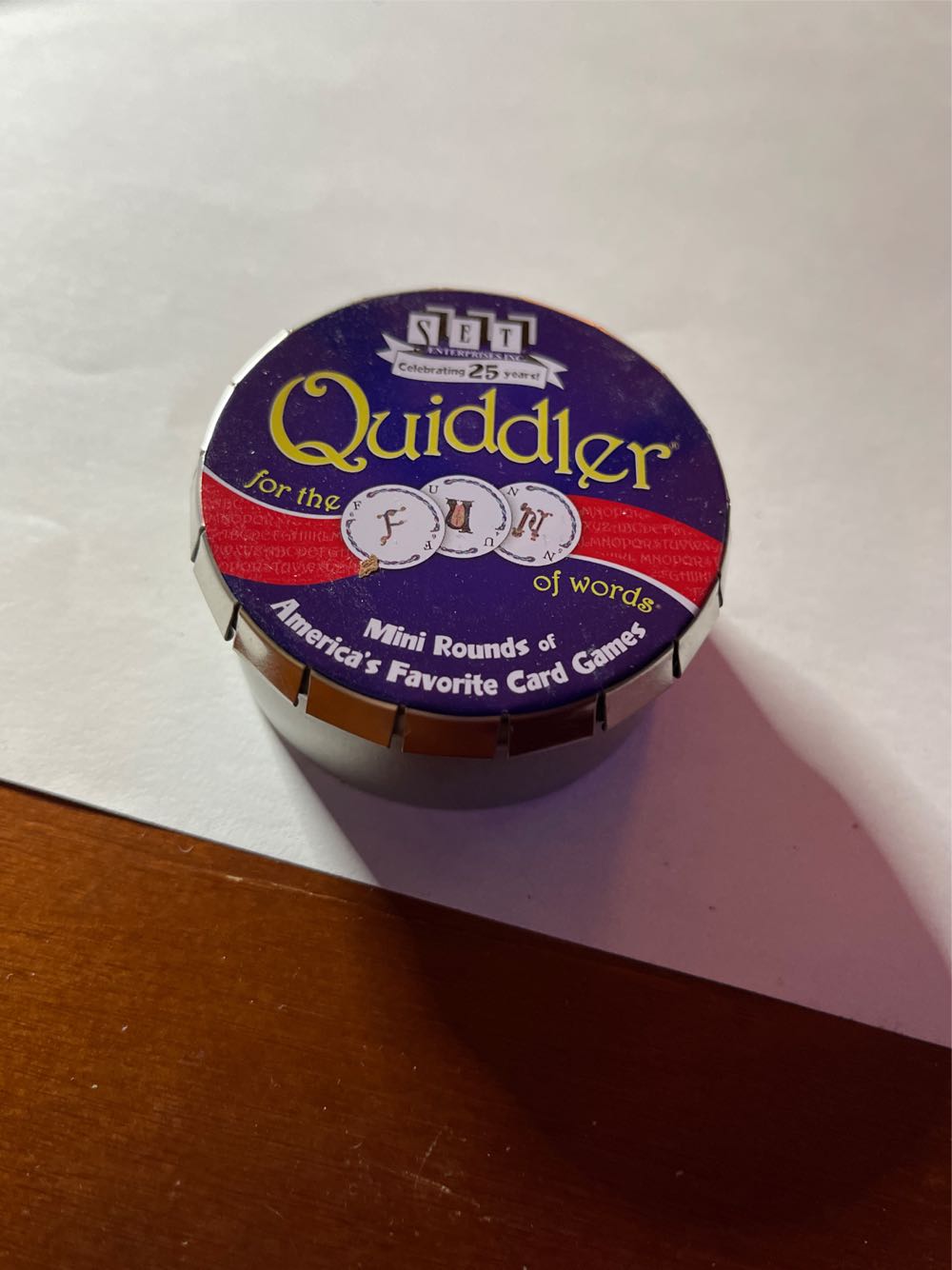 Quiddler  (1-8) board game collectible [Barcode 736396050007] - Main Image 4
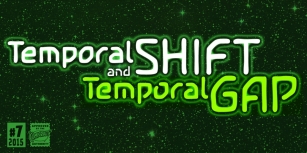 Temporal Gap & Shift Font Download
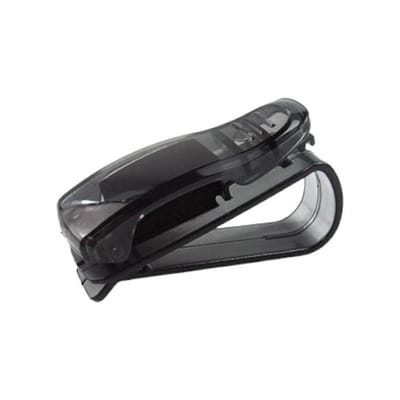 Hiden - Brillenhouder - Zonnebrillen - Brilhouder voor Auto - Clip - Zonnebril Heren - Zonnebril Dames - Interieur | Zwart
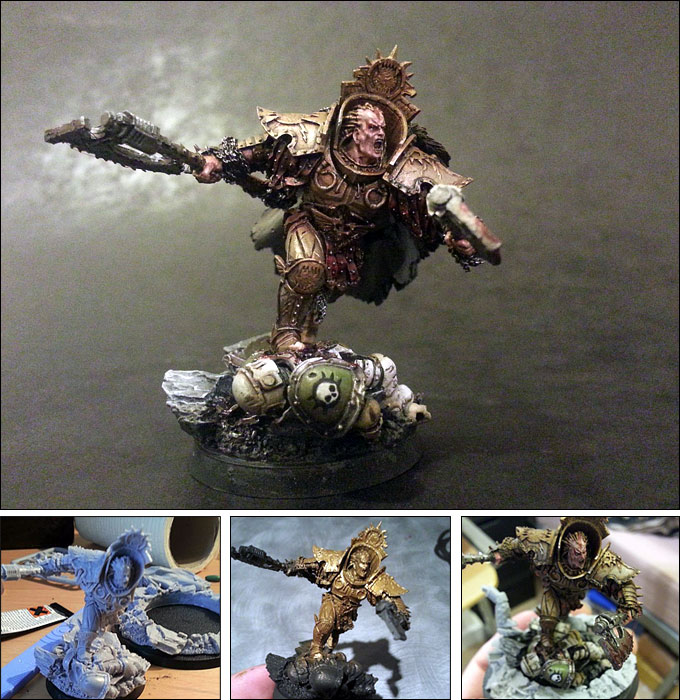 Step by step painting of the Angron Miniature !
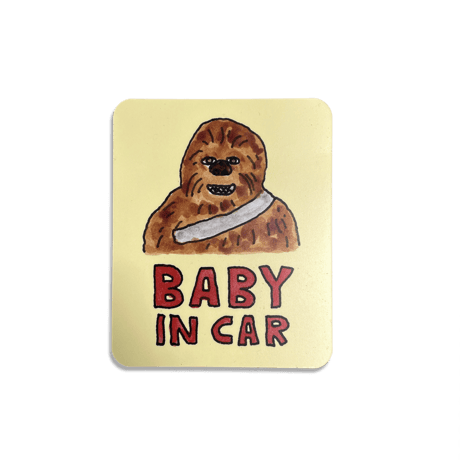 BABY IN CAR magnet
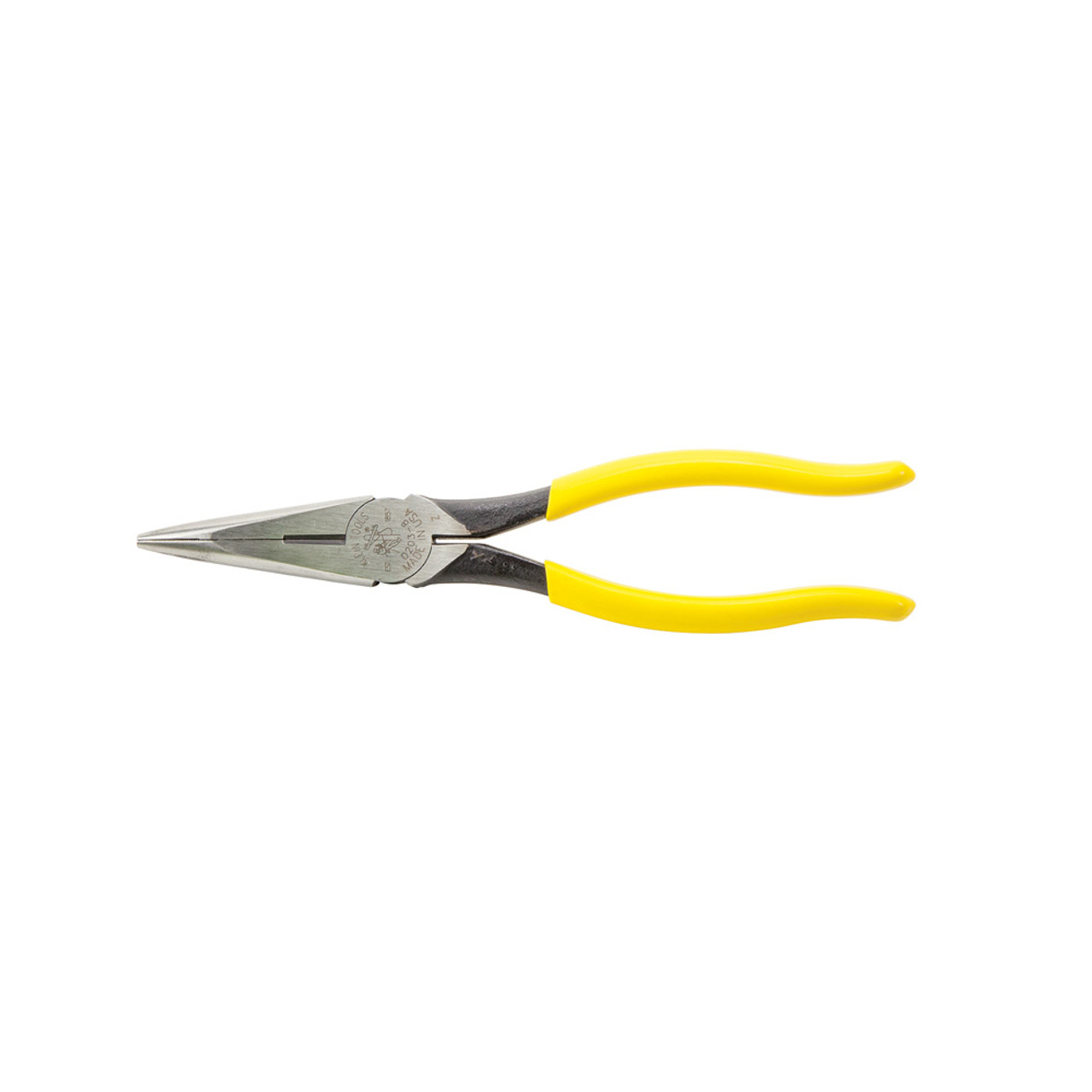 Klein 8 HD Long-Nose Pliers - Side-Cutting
════════
* **What to work on**
Starting at the top of the listing above, please restate word for word each line up to and including the one that holds "Step by step", omitting every image.

* **Response area**
 Quiddler  (1-8) board game collectible [Barcode 736396050007] - Main Image 4
 Temporal Gap & Shift Font Download
 Hiden - Brillenhouder - Zonnebrillen - Brilhouder voor Auto - Clip - Zonnebril Heren - Zonnebril Dames - Interieur | Zwart
 Step by step painting of the Angron Miniature !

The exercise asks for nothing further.